Education budget plan may walk before it runs

“Discretion is the better part of valor.” – proverb often attributed to William Shakespeare

Alabama has been no stranger to taking some big steps in education policy in the last few years.

The Alabama Literacy Act and last year’s CHOOSE Act that allowed parents to access some public funding toward private or homeschool education are a couple of prominent examples.

This year the main priority of the state legislators who are in charge of the education budget is the formula for how the state provides funding to public school districts.

Currently, Alabama is one of seven states to provide funding to school systems based almost completely on the number of students enrolled in a school district, according to Bellwether – an organization consulting the legislature’s education budget committees. The average amount the state spends per student is $7,700 for the current fiscal year.

Bellwether reports a majority of states use a different funding formula that provides a base amount of funding for each student but then awards a significant amount of funding to school districts through other characteristics determined by the state.

These characteristics vary but often include more money for school districts with a higher number of students requiring special education, learning English as a second language, or living in poverty.
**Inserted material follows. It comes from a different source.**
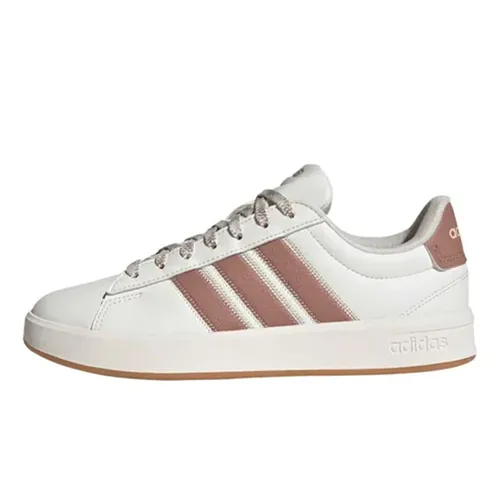 Giày Thể Thao Nữ Adidas Grand Court 3.0 KH9550 Màu Trắng Size 36 2/3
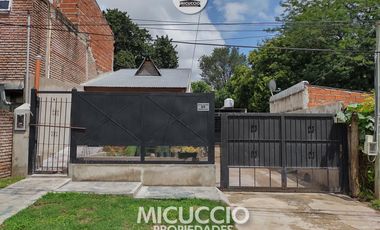 Casa en Venta, Reina Elena 85, a media cuadra de Ruta 25, Matheu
Districts located in rural areas are also often included as eligible to receive more funding.

Committing to a new funding plan that will change the way hundreds of millions of dollars will be distributed over a few years can cause a little heartburn for elected officials. So it looks like they may try to dip their toes into the water this year to see how well this change goes.

Public policy scholars call this incrementalism where instead of going full steam ahead with a new policy, funding increases on an incremental basis as long as the policy is showing positive results.
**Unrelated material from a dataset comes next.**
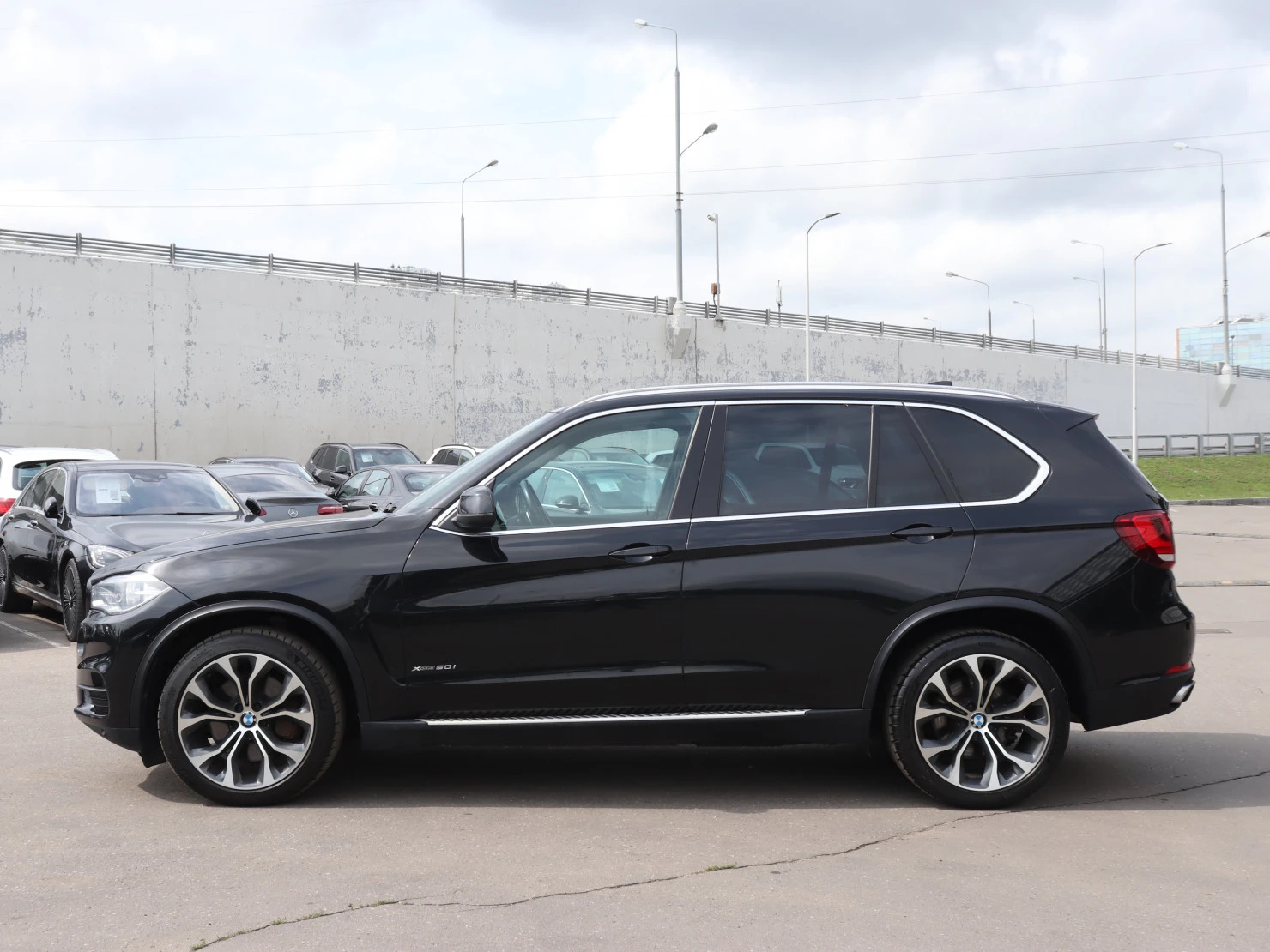 BMW X5, 2013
This is done to prevent policy supporters from getting quite as much egg on their faces should the policy fail as compared to supporters putting all their chips on the table to fund a new policy and then rolling snake eyes.

AL.com’s Rebecca Griesbach has done some excellent reporting on the issue, and it appears an incremental option may have the most juice among the legislators she interviewed, though conditions could easily change before this legislative session ends.

The legislature’s incremental option would begin by taking money from the Education Trust Fund for this year only and adding it in on top of the funding plan the state currently uses where distribution is determined almost fully by the number of students in a school district.

More permanent and sustainable funding changes could follow later if the results are positive.

Griesbach reported Gov. Kay Ivey threw her support behind this option. She recommended the legislature take $100 million from an education reserve fund to do this.

The $100 million would be split up to provide an additional $40 million for high-poverty schools, $40 million for schools with a large number of students with special needs and $20 million for rural schools under Ivey’s plan.

The plan’s supporters are quick to point out that no funds going to any school district would be cut from its current levels under a new formula. The new formula would provide more funding to districts that are considered to have a higher need as state revenues to fund education continue to grow.

It is hard to judge if this will be a good plan until more details about what a new funding formula would look like are finalized. I generally support the state kicking more money toward school districts that face greater challenges, but it sounds like legislators still have work to do to reach a consensus on what priority areas will be provided additional funding.

The research used by the Bellwether consultants to support the funding overhaul relies heavily on a study that says increasing school funding across the board but weighting funding increases more heavily on low-income school districts should increase overall education outcomes in low-income districts.

There is not strong direction from Bellwether about how to spend the additional funding, however, and there does not yet appear to be broad agreement among legislators on specifics about how more funding should be used. With so many unknowns, the incremental plan is probably the right way to go this year.

But with the CHOOSE Act now ramping up to send a significant amount of state funds to private schools and economic conditions that can change at the drop of the hat, local school districts better keep their fingers crossed the money to enact this plan on a more permanent basis will still be there next year.